* _Given records_:
Start of Block
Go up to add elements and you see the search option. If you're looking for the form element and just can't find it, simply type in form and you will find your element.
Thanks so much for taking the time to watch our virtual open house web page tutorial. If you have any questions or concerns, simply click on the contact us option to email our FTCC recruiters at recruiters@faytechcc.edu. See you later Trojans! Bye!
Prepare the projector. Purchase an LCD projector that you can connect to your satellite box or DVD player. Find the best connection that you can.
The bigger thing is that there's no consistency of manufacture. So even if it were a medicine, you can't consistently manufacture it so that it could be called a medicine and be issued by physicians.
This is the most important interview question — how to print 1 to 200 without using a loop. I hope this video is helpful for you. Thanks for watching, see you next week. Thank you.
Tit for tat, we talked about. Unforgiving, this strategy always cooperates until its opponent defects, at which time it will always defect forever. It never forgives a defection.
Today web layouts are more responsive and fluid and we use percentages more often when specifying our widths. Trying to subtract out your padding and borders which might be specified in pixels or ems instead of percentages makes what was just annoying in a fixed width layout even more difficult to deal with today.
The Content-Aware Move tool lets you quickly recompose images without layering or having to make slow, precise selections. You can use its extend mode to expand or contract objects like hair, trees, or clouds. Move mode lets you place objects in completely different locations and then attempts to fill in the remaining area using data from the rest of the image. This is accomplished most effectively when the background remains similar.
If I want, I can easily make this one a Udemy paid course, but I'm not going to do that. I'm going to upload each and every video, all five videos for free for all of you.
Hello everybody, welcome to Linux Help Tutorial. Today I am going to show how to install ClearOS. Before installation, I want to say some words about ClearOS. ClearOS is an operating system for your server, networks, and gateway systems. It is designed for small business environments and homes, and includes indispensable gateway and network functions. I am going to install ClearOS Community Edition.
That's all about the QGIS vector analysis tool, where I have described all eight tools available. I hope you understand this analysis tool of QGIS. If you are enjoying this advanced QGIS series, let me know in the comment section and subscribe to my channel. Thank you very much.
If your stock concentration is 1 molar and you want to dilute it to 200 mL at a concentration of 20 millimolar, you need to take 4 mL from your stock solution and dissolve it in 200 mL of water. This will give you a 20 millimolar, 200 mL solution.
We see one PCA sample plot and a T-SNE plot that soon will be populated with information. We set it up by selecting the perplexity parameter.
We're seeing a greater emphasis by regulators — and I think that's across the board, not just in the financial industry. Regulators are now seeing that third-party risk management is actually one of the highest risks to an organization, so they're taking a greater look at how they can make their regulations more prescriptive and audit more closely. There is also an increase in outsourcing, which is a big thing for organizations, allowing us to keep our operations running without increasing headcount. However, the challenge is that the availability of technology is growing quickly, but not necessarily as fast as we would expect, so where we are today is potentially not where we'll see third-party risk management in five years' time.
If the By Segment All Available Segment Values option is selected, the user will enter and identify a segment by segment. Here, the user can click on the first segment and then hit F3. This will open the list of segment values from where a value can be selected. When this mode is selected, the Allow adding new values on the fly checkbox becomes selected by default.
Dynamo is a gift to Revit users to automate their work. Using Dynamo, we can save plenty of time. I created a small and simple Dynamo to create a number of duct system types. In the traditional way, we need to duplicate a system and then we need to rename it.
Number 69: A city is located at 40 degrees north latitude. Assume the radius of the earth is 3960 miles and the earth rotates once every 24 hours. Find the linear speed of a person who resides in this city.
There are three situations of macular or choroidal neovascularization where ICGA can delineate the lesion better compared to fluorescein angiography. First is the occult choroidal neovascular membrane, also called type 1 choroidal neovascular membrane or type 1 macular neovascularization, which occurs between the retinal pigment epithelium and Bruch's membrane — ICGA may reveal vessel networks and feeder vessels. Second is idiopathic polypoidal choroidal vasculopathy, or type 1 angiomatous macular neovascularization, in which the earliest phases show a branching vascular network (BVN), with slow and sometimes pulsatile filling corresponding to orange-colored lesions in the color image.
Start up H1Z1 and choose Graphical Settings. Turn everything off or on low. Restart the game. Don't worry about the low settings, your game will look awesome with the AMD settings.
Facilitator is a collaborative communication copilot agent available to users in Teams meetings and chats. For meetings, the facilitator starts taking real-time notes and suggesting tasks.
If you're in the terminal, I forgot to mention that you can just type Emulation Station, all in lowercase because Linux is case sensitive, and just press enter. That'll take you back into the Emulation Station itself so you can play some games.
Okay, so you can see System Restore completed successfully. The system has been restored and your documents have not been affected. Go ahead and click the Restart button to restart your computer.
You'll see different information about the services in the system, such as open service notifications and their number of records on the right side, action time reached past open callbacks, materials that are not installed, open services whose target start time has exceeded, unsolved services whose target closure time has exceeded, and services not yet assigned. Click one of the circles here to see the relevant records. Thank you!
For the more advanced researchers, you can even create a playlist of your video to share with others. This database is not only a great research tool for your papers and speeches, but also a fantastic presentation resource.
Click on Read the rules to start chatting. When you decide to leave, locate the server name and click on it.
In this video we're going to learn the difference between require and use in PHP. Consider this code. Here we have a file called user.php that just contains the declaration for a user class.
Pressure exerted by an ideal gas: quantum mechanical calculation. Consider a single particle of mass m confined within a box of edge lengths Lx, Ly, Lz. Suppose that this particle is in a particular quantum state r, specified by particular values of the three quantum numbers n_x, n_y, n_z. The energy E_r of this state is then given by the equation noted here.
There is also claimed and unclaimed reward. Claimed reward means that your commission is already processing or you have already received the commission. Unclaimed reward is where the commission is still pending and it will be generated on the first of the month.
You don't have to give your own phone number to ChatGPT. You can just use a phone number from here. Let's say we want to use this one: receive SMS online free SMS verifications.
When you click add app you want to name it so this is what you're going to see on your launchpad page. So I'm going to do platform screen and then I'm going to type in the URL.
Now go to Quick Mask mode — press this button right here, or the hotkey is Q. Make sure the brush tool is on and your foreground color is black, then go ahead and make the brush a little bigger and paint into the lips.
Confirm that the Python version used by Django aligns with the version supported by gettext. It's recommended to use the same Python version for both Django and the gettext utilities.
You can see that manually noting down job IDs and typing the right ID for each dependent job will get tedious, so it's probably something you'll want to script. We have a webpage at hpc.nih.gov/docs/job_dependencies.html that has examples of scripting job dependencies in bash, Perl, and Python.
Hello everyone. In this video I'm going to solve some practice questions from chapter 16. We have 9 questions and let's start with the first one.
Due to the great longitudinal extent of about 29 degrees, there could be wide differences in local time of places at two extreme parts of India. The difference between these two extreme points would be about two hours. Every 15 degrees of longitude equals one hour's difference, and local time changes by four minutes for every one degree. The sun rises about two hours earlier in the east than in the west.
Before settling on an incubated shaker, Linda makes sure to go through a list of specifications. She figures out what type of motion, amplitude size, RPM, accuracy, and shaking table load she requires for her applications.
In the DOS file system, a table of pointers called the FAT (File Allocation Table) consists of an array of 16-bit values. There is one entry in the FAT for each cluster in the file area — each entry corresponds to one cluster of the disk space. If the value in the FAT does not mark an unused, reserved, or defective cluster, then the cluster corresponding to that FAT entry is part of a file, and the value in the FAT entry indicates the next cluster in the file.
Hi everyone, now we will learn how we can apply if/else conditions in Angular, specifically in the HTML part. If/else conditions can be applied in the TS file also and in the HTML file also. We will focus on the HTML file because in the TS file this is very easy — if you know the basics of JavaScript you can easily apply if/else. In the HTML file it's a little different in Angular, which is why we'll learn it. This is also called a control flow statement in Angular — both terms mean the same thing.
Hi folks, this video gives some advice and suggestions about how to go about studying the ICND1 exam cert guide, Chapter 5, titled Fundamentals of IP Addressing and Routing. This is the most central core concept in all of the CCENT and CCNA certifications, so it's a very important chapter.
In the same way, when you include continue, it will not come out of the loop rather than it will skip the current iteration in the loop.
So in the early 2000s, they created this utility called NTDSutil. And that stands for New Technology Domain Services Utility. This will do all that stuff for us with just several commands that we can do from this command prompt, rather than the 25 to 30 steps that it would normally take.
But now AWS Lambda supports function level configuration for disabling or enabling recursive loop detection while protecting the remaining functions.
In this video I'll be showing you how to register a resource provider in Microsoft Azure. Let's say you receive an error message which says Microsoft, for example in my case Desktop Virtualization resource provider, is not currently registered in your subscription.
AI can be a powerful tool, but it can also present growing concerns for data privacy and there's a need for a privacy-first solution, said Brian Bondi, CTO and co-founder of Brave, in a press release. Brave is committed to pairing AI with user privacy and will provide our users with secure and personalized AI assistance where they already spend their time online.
End of Block
* _Try it_: Scan the listing above, and wherever a line holds the word "quickly", copy it.

* _Output for this exercise_:
The Content-Aware Move tool lets you quickly recompose images without layering or having to make slow, precise selections. You can use its extend mode to expand or contract objects like hair, trees, or clouds. Move mode lets you place objects in completely different locations and then attempts to fill in the remaining area using data from the rest of the image. This is accomplished most effectively when the background remains similar.
We're seeing a greater emphasis by regulators — and I think that's across the board, not just in the financial industry. Regulators are now seeing that third-party risk management is actually one of the highest risks to an organization, so they're taking a greater look at how they can make their regulations more prescriptive and audit more closely. There is also an increase in outsourcing, which is a big thing for organizations, allowing us to keep our operations running without increasing headcount. However, the challenge is that the availability of technology is growing quickly, but not necessarily as fast as we would expect, so where we are today is potentially not where we'll see third-party risk management in five years' time.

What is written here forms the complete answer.